### DATA EXCERPTS ###
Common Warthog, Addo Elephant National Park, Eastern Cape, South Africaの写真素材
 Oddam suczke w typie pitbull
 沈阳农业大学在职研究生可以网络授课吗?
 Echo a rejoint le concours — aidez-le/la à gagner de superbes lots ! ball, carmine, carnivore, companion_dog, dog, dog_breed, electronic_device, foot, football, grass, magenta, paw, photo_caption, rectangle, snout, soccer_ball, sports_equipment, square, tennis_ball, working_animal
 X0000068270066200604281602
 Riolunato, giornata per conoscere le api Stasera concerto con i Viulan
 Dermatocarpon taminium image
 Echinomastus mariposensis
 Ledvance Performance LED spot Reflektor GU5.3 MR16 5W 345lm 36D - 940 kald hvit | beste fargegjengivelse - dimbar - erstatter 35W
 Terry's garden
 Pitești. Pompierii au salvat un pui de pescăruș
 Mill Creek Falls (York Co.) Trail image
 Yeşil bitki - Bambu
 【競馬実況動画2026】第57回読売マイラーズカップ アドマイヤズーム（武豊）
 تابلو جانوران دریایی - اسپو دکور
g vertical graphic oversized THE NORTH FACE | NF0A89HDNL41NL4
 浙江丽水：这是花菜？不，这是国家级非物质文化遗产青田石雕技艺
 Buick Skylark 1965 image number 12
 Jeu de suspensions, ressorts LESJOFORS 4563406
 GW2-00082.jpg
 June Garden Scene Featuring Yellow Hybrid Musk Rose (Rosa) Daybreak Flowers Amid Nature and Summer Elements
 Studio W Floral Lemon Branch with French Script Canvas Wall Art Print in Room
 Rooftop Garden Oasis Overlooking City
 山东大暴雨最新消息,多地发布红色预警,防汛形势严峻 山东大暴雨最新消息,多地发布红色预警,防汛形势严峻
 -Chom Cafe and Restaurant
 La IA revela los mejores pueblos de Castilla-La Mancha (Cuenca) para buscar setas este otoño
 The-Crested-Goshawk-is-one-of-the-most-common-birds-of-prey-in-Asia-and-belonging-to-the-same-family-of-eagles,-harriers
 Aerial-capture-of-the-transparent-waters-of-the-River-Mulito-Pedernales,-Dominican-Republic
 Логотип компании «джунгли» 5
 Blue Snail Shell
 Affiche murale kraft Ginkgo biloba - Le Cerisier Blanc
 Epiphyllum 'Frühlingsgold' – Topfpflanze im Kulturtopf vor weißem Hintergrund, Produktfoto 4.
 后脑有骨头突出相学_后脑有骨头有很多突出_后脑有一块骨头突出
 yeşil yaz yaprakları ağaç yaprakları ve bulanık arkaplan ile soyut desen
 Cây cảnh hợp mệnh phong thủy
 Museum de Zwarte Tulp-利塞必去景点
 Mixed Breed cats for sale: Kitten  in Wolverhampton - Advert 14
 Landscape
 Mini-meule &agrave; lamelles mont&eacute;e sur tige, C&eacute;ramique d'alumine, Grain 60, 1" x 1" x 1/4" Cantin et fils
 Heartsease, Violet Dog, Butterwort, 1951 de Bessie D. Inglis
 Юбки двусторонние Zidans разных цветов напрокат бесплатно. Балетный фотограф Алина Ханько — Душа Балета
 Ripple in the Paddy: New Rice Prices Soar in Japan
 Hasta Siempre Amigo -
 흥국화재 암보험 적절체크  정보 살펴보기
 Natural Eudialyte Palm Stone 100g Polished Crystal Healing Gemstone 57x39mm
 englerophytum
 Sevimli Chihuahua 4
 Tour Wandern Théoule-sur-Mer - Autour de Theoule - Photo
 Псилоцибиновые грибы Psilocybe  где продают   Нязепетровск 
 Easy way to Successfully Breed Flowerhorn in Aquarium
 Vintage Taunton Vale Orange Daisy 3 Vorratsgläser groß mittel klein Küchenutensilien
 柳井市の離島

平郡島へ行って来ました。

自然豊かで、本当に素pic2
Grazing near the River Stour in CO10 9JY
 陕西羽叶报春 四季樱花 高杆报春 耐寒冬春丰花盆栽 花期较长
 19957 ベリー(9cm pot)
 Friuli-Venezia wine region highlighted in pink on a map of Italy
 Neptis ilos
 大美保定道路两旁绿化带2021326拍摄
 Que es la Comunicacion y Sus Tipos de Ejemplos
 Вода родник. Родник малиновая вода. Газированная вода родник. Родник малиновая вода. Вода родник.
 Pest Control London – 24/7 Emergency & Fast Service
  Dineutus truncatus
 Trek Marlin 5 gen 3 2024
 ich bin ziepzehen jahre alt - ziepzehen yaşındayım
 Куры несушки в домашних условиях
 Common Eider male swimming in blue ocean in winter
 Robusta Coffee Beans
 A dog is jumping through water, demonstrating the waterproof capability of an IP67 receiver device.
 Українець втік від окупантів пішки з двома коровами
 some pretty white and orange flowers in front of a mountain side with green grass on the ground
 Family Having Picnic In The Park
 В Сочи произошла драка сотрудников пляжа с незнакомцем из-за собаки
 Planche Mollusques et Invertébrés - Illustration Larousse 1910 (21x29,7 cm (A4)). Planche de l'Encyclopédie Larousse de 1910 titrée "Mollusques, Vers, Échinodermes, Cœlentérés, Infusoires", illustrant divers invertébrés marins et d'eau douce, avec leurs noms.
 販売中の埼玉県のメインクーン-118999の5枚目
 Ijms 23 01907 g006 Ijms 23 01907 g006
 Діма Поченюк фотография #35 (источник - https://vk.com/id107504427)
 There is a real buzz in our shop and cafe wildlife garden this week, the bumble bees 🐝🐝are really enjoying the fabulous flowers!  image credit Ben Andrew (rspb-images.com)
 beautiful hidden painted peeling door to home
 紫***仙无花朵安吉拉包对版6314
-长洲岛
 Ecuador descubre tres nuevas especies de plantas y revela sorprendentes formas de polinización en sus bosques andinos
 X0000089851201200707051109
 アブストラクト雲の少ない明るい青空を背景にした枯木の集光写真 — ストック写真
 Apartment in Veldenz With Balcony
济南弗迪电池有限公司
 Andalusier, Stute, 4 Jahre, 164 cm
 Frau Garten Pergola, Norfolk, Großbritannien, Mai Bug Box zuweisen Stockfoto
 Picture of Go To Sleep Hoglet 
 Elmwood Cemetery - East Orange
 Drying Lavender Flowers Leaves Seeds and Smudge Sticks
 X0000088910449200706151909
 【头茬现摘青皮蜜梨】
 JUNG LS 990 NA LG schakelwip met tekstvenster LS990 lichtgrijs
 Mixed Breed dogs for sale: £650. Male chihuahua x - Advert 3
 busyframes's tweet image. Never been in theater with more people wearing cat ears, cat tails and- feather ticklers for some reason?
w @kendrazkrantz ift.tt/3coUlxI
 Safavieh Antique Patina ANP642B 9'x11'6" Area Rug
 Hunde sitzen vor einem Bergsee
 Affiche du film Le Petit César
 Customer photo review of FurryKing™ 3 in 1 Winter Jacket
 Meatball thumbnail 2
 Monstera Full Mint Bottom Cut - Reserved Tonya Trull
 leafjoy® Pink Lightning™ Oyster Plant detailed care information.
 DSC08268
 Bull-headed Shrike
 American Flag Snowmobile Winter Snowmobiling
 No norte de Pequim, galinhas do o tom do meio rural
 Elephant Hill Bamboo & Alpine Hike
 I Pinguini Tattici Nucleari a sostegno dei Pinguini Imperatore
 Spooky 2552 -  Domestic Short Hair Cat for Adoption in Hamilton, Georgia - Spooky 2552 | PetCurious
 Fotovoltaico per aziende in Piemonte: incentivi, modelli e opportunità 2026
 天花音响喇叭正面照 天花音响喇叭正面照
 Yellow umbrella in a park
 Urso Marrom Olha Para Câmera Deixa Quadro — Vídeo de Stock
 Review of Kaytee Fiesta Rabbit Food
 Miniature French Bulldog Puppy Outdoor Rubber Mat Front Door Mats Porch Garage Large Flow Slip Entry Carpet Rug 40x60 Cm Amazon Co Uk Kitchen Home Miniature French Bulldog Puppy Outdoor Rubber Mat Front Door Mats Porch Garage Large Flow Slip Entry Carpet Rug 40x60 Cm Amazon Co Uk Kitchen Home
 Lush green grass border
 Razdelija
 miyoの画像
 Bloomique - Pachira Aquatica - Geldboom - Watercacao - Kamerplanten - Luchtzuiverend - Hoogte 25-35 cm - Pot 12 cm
###
→ **TASK TO CARRY OUT**
Among the records above, a stretch begins at the line containing "Natural Eudialyte Palm" and ends at the line containing "Псилоцибиновые грибы Psilocybe". Restate that stretch word for word, and nothing else.

→ **RESULT OF THIS EXERCISE**
 Natural Eudialyte Palm Stone 100g Polished Crystal Healing Gemstone 57x39mm
 englerophytum
 Sevimli Chihuahua 4
 Tour Wandern Théoule-sur-Mer - Autour de Theoule - Photo
 Псилоцибиновые грибы Psilocybe  где продают   Нязепетровск 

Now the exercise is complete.